O que acha de Nanda Costa?
Nanda é uma atriz intensa, cheia de nuances. É a Morena que imaginei. A garota do subúrbio é palatável, está sempre nas novelas. A da favela, não. Morena é exata­mente uma menina do Alemão. Isso assusta. Quem representa esse estranhamento é dona Áurea [Suzana Faini], a mãe do Théo [Rodrigo Lombardi]. Brasileiro é pre­conceituoso. Dona Áurea expressa algo bem característico nosso: "Com meu filho, não". Compreendo as reações. O espelho in­comoda.
Ela estaria um tom acima?
Morena não tem que baixar o tom. Ela se criou no meio de tiro­teio. Na favela tudo é luta. Ela está sempre alerta para se defender. Quando sai de casa pode vir uma bala de cada lado, da polícia ou do traficante. Quando vai para o asfalto é sempre olhada com desconfiança, como se fizesse parte da bandidagem. Ela precisa ter marra para sobreviver.

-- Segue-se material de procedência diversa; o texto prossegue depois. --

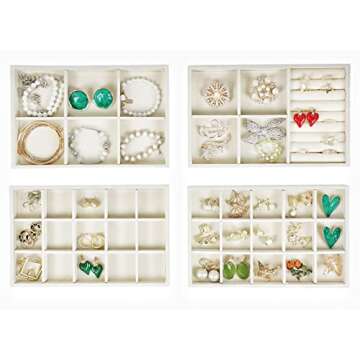 Set of 4 Stackable Jewelry Trays Organizer, Velvet Earring Organizer, Jewelry Organizer Showcase Dis...
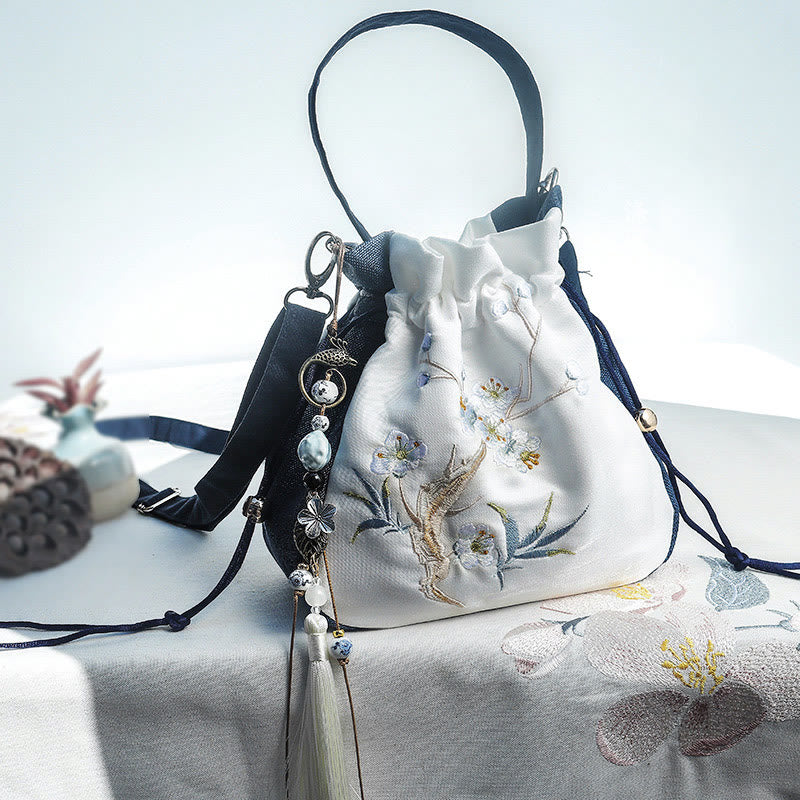 Yoga-Tragetasche aus Baumwollleinen mit Magnolien-Pflaumenblüten-Design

O que mais Morena espelha?
Ela não abaixa a cabeça. O preconceito não a faz se sentir menor. Ela não tem culpa de ter crescido num espaço que o Estado não ocupou e deixou entregue ao comando do crime. Ela diz: "Não importa de onde a pessoa venha, importa aonde ela chega". Acho bonito esse orgulho de ser o que é.
Mostra também a vaidade?
No começo, eu li que a Morena estava arrumada demais para uma garota do morro. Mas lá é assim. Vi no Twitter de uma moradora da favela um comentário rebatendo as críticas: "A gente já não tem nada, querem também que não tenha unha nem cabelo?". São centenas de cabeleireiros no Alemão. A vaidade é uma forma de sair daquele mundo. A aparência é o passaporte para um emprego melhor, uma aceitação maior para além dos limites da favela. Então, Elas investem nisso.
Não é só sofrimento?
O cinema brasileiro sempre explorou o mundo da favela como algo triste. Só era ale­gre no Carnaval. Depois é "lata d'água na cabeça". Mas as mulheres da favela não são assim. Nem gostam de ser vistas assim.